The solutions of the equations are presented in the form of trajectories in the space {v, z, t} (Fig. 18).

Fig. 18.

3D trajectories of the kinks in the pBR322 plasmid. The curves 1, 2 and 3 correspond to initial kink velocities 150 m/s, 1650 m/s and 1879 m/s, respectively

Discussion and perspectives

We have reviewed the use of the McLaughlin-Scott equation and related methods as potential tools for studying the dynamics of DNA open states which were considered here as nonlinear conformation excitations—kinks. We described how this equation has been used in the case of homogeneous DNA. The results on the dependence of the velocity and coordinate of the kink on time and the trajectory of the kink obtained in the absence and in the presence of external fields of various types were described. Four sets of DNA parameters were used to demonstrate the results: one set for the poly (A) sequence, one for the poly (T) sequence and two for the poly (G) and poly (C) sequences. This allowed us to compare the results obtained for each of the four cases.

In the second part of the review, it was shown how the McLaughlin-Scott equation could be applied to inhomogeneous DNA. Two approaches were described in detail. The first was based on the quasi-homogeneous approximation. The second was a combination of two methods: the quasi-homogeneous approximation and the block method. We illustrated how these approaches were used to study the dynamics of DNA open states in the IFNA17, ADRB2, NOS1 and IL-5 genes, in the A1, A2 and A3 promoter sequences of the bacteriophage T7 genome, as well as in the pTTQ18 and pBR322 plasmids (Fig. 19).

Fig. 19.

The diagram presents the living systems considered in the review. They are arranged in a circle around the DNA open state

We should note, however, that in all works described above, the authors use the DNA dynamic models that take into account the mobility of nitrogenous bases in only one of the two polynucleotide DNA chains. In this case, the second chain is modeled only as an average field.

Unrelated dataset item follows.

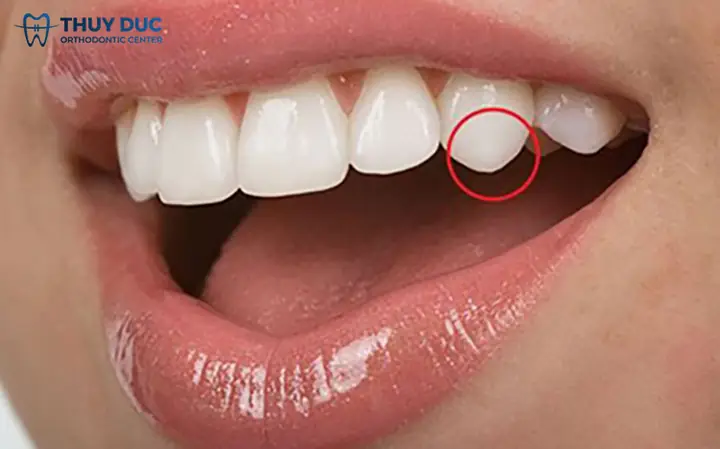 Tướng Răng Nanh Nhọn Ởnuwx Tướng Răng Nanh Nhọn Ởnuwx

Another limitation is associated with the choice of angular displacements of nitrogenous bases as dominants. It is assumed that they make the main contribution to the DNA open states formation. However, there are other approaches where the transverse displacements of the bases are chosen as dominants. The well-known Peyrard-Bishop model (Peyrard and Bishop 1989; Dauxois et al. 1993) takes into account just such motions.

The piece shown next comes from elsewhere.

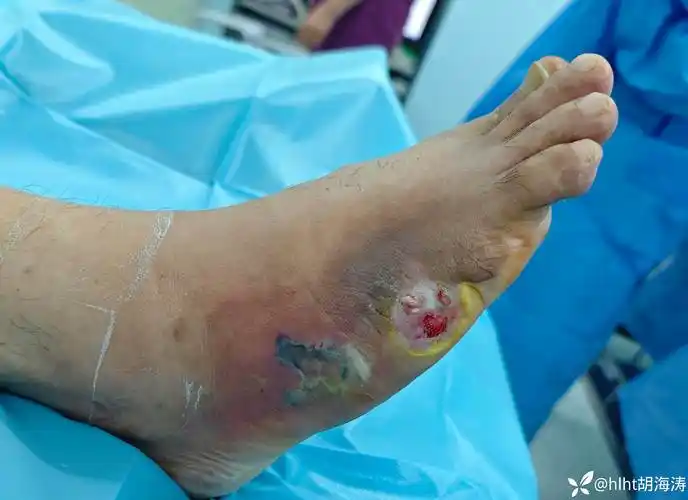 糖尿病足第五足趾溃烂,如出现这种情况感染 ,你知道解剖原因?对策?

Certain restrictions are also imposed by the use of the block method in which the dynamic characteristics of native DNA sequences are replaced by approximate ones, obtained by dividing the real sequence into several blocks and averaging the dynamic parameters within each block.

The question of the correctness of applying the results obtained for open states to the study of the dynamics of the transcriptional bubble still remains open, since the latter is a part of a more complex and multicomponent system (Shimamoto 2013; Shimamoto and Imashimizu 2021) and its dynamics is largely limited by biochemical processes involved into the transcription process.

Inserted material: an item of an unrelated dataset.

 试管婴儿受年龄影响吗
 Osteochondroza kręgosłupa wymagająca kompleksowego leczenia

Despite all these limitations, the approach based on the McLaughlin-Scott equation can be regarded as promising because of its reliability, simplicity and convenience, especially when modeling the behavior of the open states of DNA, and when predicting their behavior under the action of various external fields. We believe that the McLaughlin-Scott approach can be useful for further studies of the relationship between the dynamic and functional properties of DNA and opens up new possibilities for the application of analytical methods of theoretical physics and nonlinear mathematics investigations of both DNA and other biological molecules.